1. Inspect all events with a sliding scale – Good, Suspicious, Bad

An analytic mind-set should move as evidence is uncovered

One of the easiest, and worst, mistakes an analyst can make is to be too firm in their judgement.  I train analysts, and myself, to use a freely sliding scale when inspecting events, packets, and binaries.  This scale moves between known good, suspicious, and known bad as uncovered evidence supports a “goodness” or “badness” final judgement.

It is natural to come to premature conclusions when analyzing data.  Many preach against this.  I have never known a perfectly objective human.  This discounts our naturally occurring and helpful ability to make quick judgments and drive our desire for more data and evidence.  Instead, we should preach against the analyst who is hasty in a final judgement and unwilling to accept and synthesize new evidence in either direction.

2. Be willing to accept suspicious

There will be many times when after hours or days of work and collaboration the best judgement is that the event, packet, log entry, or binary, etc. is still not known as either “good” or “bad.”  An analyst must be willing to accept this unknown middle ground of “suspicious” where final judgement is elusive.  There will be times when there is not enough evidence either way nor is it likely more evidence will be uncovered (e.g. that purged critical log file, the company will not provide a missing piece of information, etc.).  Be willing to accept suspicious as an answer and reject the pressure to render a final judgement of good or bad.

However, it is important that an analyst is willing to render an informed judgement to decision makers as to where, on the scale, the event lies and what evidence supports that judgement – and more importantly, what evidence supports a contrary judgement.

3. Goodness Outweighs Badness

Some of the best cyber security analysts I have known have been network engineers and system administrators – those that best understand how systems and users actually work rather than relying on the hypothetical or documentation.  This is because the majority of network activity is good/valid versus bad.

The most valuable skill an intrusion analyst can have is to quickly and accurately identify valid activity and separate the non-valid/malicious/bad activity from the pile.  My number one recommendation to upcoming intrusion analysts is not just focus on courses and materials which teach intrusion techniques (e.g.

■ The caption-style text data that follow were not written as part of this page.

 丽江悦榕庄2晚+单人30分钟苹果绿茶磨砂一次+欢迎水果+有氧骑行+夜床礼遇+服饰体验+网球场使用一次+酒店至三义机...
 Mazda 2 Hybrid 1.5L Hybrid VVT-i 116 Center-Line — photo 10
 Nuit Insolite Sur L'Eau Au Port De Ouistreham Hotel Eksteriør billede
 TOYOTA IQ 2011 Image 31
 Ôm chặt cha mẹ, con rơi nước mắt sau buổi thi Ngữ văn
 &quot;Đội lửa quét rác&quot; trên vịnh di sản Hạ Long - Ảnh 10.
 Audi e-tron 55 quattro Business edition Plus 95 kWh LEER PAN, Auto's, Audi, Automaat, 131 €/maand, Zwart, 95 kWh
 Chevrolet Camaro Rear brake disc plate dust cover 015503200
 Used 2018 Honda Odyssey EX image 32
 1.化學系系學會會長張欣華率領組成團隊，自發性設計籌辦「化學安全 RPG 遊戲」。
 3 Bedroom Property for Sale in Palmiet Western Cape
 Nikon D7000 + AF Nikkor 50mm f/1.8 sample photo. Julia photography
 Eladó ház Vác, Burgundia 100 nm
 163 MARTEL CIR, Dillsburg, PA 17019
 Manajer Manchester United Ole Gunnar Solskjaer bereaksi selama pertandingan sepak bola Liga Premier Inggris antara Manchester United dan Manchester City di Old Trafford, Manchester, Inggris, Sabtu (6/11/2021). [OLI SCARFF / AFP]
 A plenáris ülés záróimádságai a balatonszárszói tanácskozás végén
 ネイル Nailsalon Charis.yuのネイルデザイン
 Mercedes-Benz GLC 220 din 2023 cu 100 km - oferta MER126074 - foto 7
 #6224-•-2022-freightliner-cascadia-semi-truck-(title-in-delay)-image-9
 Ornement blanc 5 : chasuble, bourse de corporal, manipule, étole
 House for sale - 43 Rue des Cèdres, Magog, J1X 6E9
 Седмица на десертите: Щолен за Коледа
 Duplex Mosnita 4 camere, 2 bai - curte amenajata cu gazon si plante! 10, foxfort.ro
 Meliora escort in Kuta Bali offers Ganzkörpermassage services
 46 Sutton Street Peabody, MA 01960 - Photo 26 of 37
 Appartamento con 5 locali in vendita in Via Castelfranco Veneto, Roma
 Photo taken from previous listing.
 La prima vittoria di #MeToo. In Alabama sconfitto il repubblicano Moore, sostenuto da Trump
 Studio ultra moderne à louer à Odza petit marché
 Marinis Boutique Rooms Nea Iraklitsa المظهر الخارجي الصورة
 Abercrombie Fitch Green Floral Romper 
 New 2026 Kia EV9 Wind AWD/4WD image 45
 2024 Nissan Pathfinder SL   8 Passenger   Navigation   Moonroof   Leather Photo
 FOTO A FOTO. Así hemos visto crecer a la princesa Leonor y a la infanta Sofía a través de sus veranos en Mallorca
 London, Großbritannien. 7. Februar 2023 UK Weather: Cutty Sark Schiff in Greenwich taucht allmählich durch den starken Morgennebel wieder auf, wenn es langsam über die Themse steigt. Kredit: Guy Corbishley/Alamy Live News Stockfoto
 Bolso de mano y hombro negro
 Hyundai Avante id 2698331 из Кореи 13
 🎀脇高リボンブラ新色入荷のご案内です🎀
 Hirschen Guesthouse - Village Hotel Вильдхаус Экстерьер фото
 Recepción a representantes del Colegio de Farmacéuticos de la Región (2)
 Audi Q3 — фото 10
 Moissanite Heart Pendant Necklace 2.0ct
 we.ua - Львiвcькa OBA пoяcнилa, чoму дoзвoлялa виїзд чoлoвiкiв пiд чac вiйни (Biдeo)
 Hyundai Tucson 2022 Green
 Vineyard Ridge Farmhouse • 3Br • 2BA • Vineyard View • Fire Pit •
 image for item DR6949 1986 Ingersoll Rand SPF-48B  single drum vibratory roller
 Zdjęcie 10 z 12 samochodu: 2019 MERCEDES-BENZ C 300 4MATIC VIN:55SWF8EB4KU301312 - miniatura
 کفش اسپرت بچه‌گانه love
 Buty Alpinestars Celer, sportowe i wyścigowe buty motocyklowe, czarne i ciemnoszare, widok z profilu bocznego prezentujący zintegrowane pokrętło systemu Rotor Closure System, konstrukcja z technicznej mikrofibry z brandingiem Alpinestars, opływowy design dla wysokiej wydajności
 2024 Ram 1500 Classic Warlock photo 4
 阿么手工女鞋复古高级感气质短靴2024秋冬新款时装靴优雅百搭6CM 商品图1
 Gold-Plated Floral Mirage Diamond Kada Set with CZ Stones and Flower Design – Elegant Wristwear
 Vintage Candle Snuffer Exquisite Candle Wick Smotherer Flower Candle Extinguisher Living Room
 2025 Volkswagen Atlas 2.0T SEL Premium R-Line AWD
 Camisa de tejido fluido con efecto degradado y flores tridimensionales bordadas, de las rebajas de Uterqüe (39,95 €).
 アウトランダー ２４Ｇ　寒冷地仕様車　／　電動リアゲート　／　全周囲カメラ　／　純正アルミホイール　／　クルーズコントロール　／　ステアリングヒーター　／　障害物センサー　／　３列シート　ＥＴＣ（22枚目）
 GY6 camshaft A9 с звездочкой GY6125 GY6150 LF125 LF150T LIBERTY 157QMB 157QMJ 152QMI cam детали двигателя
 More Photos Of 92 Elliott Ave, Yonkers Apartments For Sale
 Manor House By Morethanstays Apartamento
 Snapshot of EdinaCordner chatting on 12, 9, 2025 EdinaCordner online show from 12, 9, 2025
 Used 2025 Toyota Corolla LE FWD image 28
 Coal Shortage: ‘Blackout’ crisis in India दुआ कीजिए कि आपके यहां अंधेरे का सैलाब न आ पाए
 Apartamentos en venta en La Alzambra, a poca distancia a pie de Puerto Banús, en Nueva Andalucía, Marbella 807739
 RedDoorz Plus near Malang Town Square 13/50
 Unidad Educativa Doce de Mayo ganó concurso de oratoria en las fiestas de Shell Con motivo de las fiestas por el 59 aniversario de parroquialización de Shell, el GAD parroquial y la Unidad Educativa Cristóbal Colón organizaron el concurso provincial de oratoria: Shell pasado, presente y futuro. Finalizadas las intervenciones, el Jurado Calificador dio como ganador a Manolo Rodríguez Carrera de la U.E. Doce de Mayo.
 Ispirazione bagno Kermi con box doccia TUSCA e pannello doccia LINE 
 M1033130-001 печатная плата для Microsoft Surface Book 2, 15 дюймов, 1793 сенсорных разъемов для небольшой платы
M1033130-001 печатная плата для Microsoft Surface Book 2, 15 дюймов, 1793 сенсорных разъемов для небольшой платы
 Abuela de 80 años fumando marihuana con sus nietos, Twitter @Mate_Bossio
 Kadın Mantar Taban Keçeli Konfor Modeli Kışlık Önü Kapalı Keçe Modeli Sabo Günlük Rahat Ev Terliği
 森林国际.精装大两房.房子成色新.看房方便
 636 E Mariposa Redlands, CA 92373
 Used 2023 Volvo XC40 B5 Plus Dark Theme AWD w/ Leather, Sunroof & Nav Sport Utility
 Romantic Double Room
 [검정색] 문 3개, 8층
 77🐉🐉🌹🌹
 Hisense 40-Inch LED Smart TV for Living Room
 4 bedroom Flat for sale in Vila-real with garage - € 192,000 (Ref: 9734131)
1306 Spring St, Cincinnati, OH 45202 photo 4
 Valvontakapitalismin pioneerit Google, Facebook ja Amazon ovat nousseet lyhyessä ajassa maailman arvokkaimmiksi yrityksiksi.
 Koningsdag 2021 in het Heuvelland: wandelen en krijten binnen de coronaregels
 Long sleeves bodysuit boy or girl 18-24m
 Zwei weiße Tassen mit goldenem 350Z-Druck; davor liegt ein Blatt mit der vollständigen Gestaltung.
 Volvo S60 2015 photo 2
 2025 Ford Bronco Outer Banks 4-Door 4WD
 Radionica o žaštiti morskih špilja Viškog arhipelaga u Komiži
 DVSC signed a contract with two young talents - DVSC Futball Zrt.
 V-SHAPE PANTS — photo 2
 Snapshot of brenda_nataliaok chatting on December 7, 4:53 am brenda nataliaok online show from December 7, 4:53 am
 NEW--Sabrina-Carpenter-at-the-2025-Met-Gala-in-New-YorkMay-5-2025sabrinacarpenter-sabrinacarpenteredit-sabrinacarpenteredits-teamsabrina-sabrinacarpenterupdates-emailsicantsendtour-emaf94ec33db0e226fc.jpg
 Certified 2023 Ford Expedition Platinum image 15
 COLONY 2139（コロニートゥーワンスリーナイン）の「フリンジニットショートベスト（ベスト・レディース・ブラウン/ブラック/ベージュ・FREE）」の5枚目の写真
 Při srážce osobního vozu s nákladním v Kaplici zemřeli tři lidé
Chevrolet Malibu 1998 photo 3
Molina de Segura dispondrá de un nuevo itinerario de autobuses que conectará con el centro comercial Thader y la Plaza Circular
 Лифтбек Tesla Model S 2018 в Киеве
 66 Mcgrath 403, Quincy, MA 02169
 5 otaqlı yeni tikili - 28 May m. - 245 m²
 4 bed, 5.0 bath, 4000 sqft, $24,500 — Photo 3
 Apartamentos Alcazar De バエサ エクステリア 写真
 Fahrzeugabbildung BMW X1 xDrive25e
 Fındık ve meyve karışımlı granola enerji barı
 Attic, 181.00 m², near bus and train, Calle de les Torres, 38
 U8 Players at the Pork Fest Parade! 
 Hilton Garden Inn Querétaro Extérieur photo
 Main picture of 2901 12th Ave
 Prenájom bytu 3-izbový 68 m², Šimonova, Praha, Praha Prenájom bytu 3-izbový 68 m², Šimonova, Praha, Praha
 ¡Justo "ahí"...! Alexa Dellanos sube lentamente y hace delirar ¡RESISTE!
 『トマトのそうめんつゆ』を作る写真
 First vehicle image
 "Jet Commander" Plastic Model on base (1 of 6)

SANS) but to spend an equal amount of time on the RFC‘s and other training opportunities which teach the valid operation and administration of modern networks and hosts.

4. Counter-Intelligence is our closest domain partner

Of all the domains I have studied to further my exploration of intrusion analysis and cyber security it is counter-intelligence which I have found to offer the most insight and parallels to this domain.  Others may argue with this but counter-intelligence works in a domain where there is an assumed compromised environment and the focus is primarily on detection and damage limitation when compromise occurs.

Of course, counter-intelligence necessarily breeds paranoia – but that is also a good quality in an intrusion analyst, when balanced with the right amount sanity 🙂

5. Document everything and don’t get lost in the “rabbit hole”

In the pursuit of an activity with the gathering of evidence and shifting judgments and hypotheses, things can move quickly.  When conducting intrusion activity, document everything – even if it seems irrelevant – you never know when a case will hinge on a small, originally, over-looked detail.   In this documentation also record all open questions and hypotheses so that when “going doing the rabbit hole” of analysis towards one hypothesis other lines of analysis are not forgotten or discounted without effective evidence gathering.